Esta sería grosso modo la trayectoria de Monterroso, que disfrutó en vida y póstumamente de todo tipo de alabanzas, tanto por sus escritos como por su personalidad, discreta, humorística y risueña. «Como Borges, Augusto Monterroso es uno de los narradores cuya lectura, además de ser un verdadero deleite, nos sirve a los escritores para fijarnos mucho en lo que vamos a hacer al sentarnos ante una página en blanco», dijo de él el peruano Alfredo Bryce Echenique. De los intereses culturales de Monterroso, que al regresar a México, en 1956, sería cuando empezó a escribir ensayos y narraciones breves, tenemos una muestra muy interesante en “Literatura y vida” (Alfaguara, 2004); aquí habla de la utopía política, del género del cuento o de los clásicos a partir de reflexiones, relatos autobiográficos y conversaciones, experimentando de continuo con las formas literarias, con sus lecturas y su idea de la escritura, de las amistades y de la vida.

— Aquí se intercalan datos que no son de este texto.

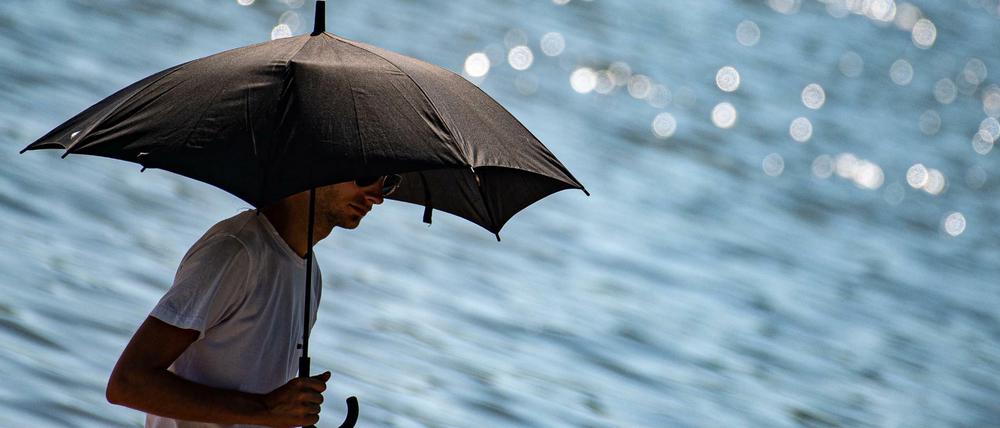 Ein Mann schützt sich in Göttingen mit einem Regenschirm vor der Sonne (Symbolbild).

Un lector de cuentos tristes

También cabe destacar entre sus libros “La oveja negra y demás fábulas, de 1969, “Movimiento perpetuo, de 1972 y las novelas “Lo demás es silencio”, de 1978, “Viaje al centro de la fábula, de 1981, “La palabra mágica, de 1983, o la colección de ensayos “La vaca”, de 1998. En este pequeño libro, la ironía del autor discurría sobre la literatura: la vaca de Maiakovski, los miedos idiomáticos de Virginia Woolf, los insomnios literarios de Raymond Carver, los errores de apreciación de Julian Barnes, la pasión de Neruda por la gesta de Alonso de Ercilla, un aleph anterior al de Borges, la literatura fantástica de Juan Rulfo, la imposición de manos de Juan Carlos Onetti, la vitalidad de Erasmo, el humor de Tolstói... Antes, también había dado un trabajo muy particular,Antología del cuento triste”, preparada junto a Bárbara Jacobs. Partiendo de la idea de que un buen cuento siempre será triste porque la vida es triste y un buen cuento concentra toda la vida, hacían ambos una recopilación de los mejores ejemplos de este género, guiados por el criterio de la tristeza y su calidad literaria, escritos en seis idiomas distintos a lo largo del siglo XX.

Asimismo, Monterroso también fue condecorado con la Medalla del Águila Azteca en 1988 por su trabajo como diplomático. Este reconocimiento se suma a la lista donde se encuentran el Premio Xavier Villaurrutia de novela en 1975 y el Premio FIL de Literatura en Lenguas Romances en 1996, en cuyo discurso recordó a los ancestros mayas que tuvieron su propia cosmogonía en lo que se conoce con el nombre de “Popol Vuh”, hasta Rubén Darío, “renovador del lenguaje poético en español como no lo había habido desde los tiempos de Góngora y Garcilaso de la Vega”; buena muestra esta del amor que siempre tuvo por la literatura española, muy en especial por Cervantes.